Alright, here is part one of what you’ve missed. Lots more to write. I was especially wordy, I think with this one. Took me a while to write. I guess what I’m saying is don’t expect the next one too soon after this one.
Yesterday I cleared out my room for the first time in oh, forever. It looks a lot better now. I threw out a lot a don’t need anymore. About 8-9 years of magazines. That was tramatic. At least it made room for another bookshelf. Yeah! Let the madness continue!

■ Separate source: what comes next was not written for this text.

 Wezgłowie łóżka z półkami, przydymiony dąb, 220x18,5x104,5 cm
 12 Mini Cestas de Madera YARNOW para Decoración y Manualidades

Josh is coming soon. I’ll leave you with this:
(March 27)
——House on Telegraph Hill (1951)——
I like this movie a lot because it manages to come up with a really great idea for a film noir (Nazi concentration camp survivor takes the place of her dead friend to get in with a rich family in San Francisco) and twists that idea so that the story goes in a direction that you were never expecting. You would expect someone in the family would be trying to kill her because they found out that she wasn’t who she said she was, right? Instead, no one knows by the film’s end who she is except for one character and she TOLD him who she was. Our main character actually walks unknowingly into someone else’s drama and her sudden appearance just makes things harder on the person trying to take over.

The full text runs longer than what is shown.